━━━━━ Supplied data
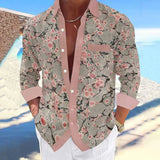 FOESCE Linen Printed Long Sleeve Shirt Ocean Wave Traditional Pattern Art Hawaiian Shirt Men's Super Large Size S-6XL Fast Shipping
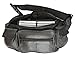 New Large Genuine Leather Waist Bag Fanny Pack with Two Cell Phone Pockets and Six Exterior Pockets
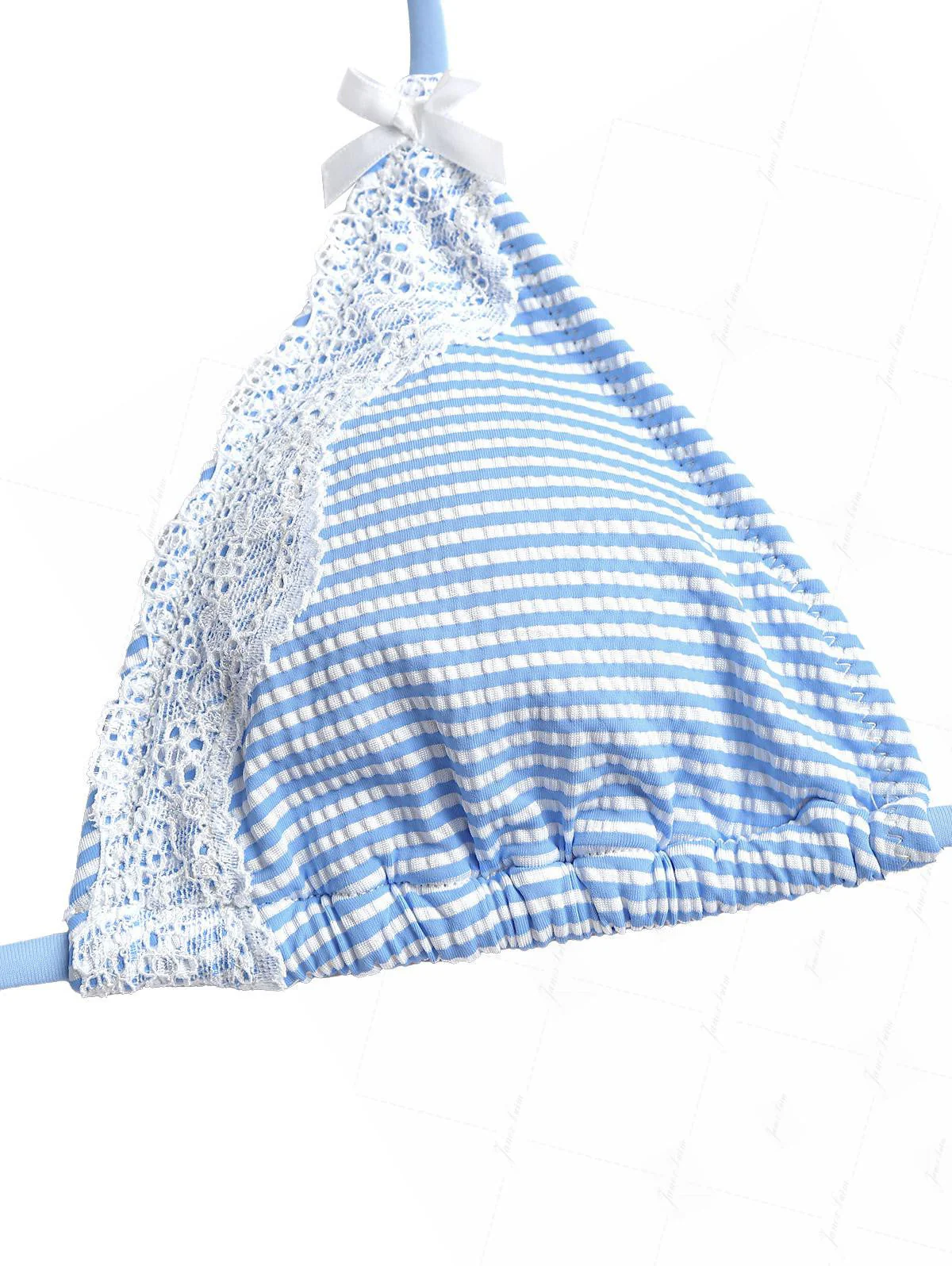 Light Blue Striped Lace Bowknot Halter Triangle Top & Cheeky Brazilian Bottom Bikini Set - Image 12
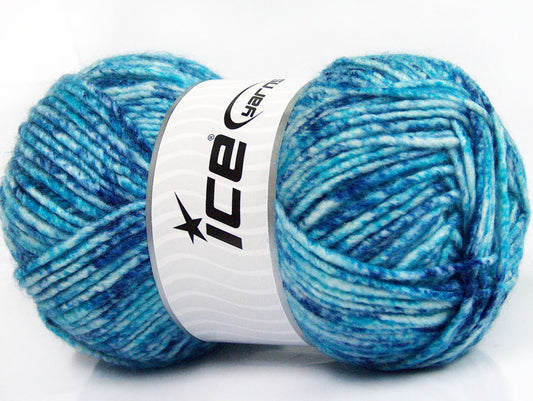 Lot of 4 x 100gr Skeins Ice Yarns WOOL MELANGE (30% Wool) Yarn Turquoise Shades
━━━━━━━━━━
**What you need to do:**
Word for word, reproduce each line from the one with "Light Blue Striped" through the last line of the material above, both included, and drop the pictures.

**Answer for this exercise:**
 Light Blue Striped Lace Bowknot Halter Triangle Top & Cheeky Brazilian Bottom Bikini Set - Image 12
 Lot of 4 x 100gr Skeins Ice Yarns WOOL MELANGE (30% Wool) Yarn Turquoise Shades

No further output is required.